England excited by India test – all they need now is some oppostion

 

Hyderabad

England were lacking only two things as they arrived for their limited-overs tour of India yesterday. They had no coach and no opposition. Both shortages may well be rectified in the next two days, though there is considerably more confusion surrounding the latter than the former.

Andy Flower did not travel with his team both because he was receiving his OBE at Windsor Castle yesterday and is also recovering from surgery on his right shoulder last weekend. He is expected in town tomorrow.

By then, England may also have some clue about their opponents for the two warm-up games they are scheduled to play before the series of five one-day internationals begins a week on Friday. The dates are still filled by the three letters present since the itinerary was announced months ago: tbc, to be confirmed.

"We're struggling a bit to find a team to play against," said England's assistant coach, Richard Halsall, who will be in overall charge until Flower arrives. It is perhaps typical of the Board of Control for Cricket in India that they have failed not only to select the team but to give a name to it.

While they are hardly about to run out of players, England must be slightly concerned about the strength of the eventual XI, whether it represents President, Board or some benefactor, as yet undisclosed. Many of India's star players are injured and will miss at least the first part of the one-day series, most of the others are playing in the Champions League Twenty20, still more are taking part in the Irani Trophy match 900 miles away in Jaipur, the curtain raiser to the country's first-class season.

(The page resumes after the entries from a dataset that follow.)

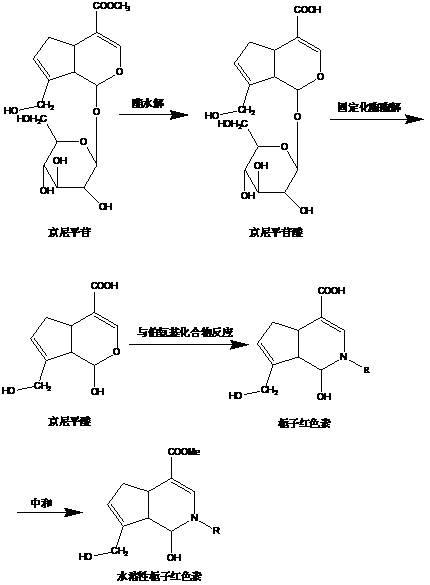 Method for preparing gardenia red pigment by using immobilized enzyme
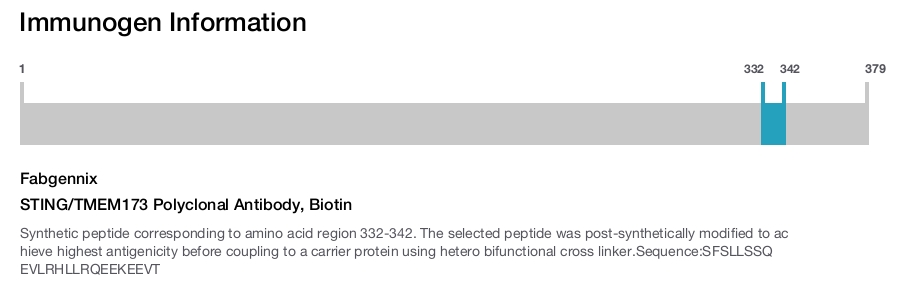 STING/TMEM173 Polyclonal Antibody, Biotin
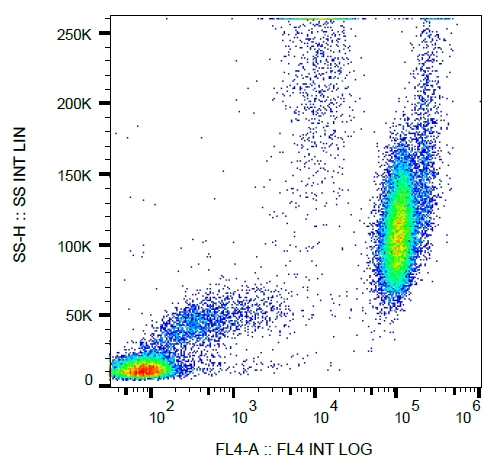 CD15 Antibody in Flow Cytometry (Flow)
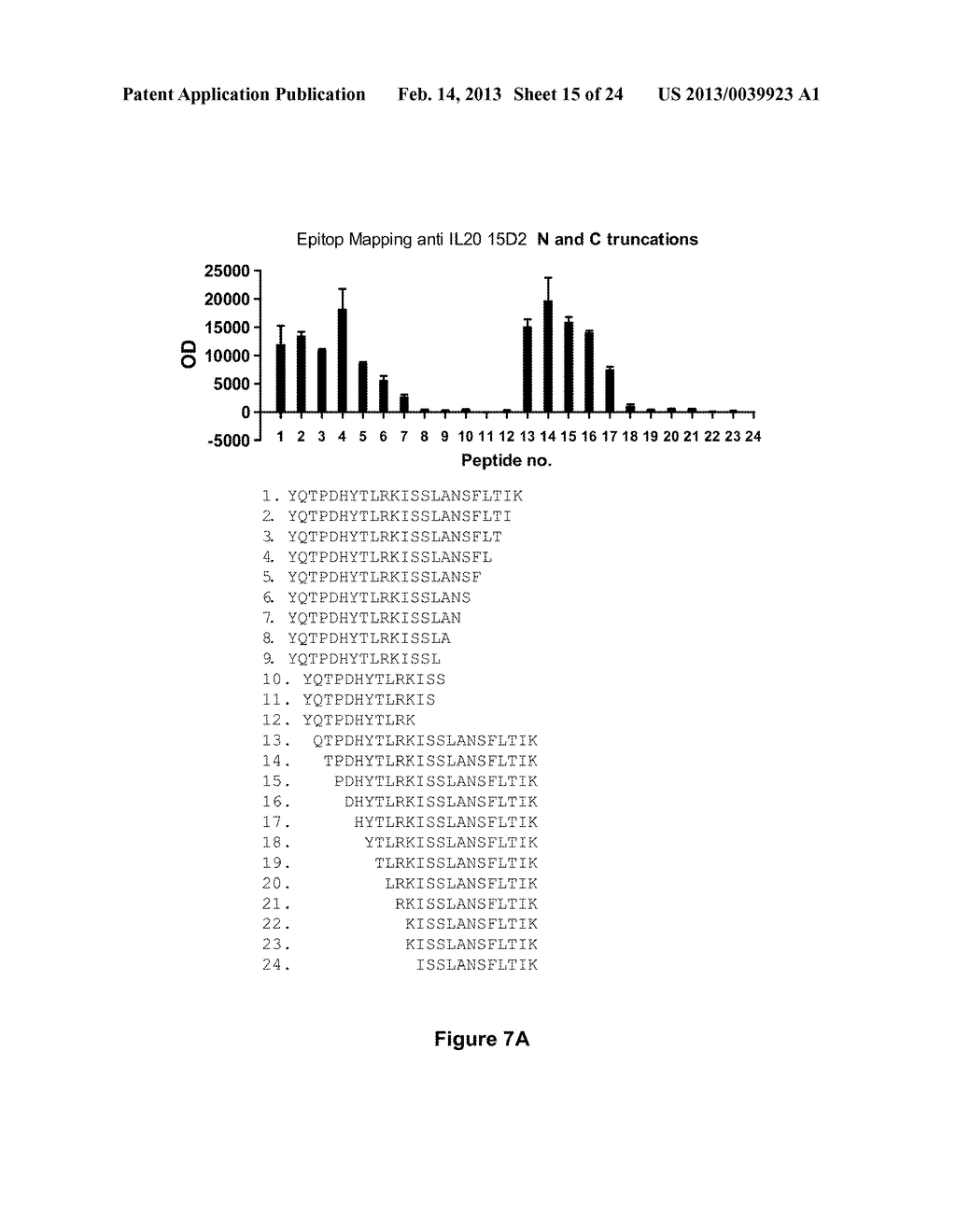 ANTI-HUMAN INTERLEUKIN-20 ANTIBODIES - diagram, schematic, and image 16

The tourists, who stage their first training session today, now expect to play some sort of conglomerate Hyderabad team in both matches. Weaker opposition may at least help them in becoming familiar with conditions, although Hyderabad was filled with an autumnal gloom yesterday.

Flower was awarded an OBE in this year's Birthday Honours List following England's epic Ashes triumph in Australia last winter and received it in a formal investiture ceremony yesterday. Killing two birds with one medal, he also seized the opportunity to have surgery on a SLAP lesion in his right shoulder, the same injury which has forced Eoin Morgan to miss this trip.

In Flower's case it has been caused by wear and tear, most specifically the day after day routine of providing throwdowns in net practice. His shoulder knows something of the rigours to which the baseball pitcher's is subjected.

England's preparations must include, as far as they are able, some acknowledgement of the new ODI playing conditions which will apply in the series. Two new balls will be used in alternate overs from the start of each innings, thus precluding the current change of ball after 34 overs.

There has also been a change to the powerplays. While there will still be mandatory fielding restrictions for the first 10 overs in each innings the regulations for the other two five-over blocks have been amended. Neither can be taken before the 16th over, affecting the bowling powerplay, and both must be completed by the 40th over.

Ian Bell, who again finds himself fighting for a place in the one-day side, said: "It will be interesting to see. The ball will certainly stay harder for longer, which is good in these kinds of conditions. I'm sure we'll be working on tactics for how it's going to pan out. I'm sure it would be different in England, and if it swings more that's good for us as well. But in these conditions it's going to be good for batting and with the powerplays as well. It's quite exciting."

Bell is more excited than most to be here. He moved house four days ago and has left his wife to unpack. By the time he returns it should be complete. There is more than one upside to the touring life.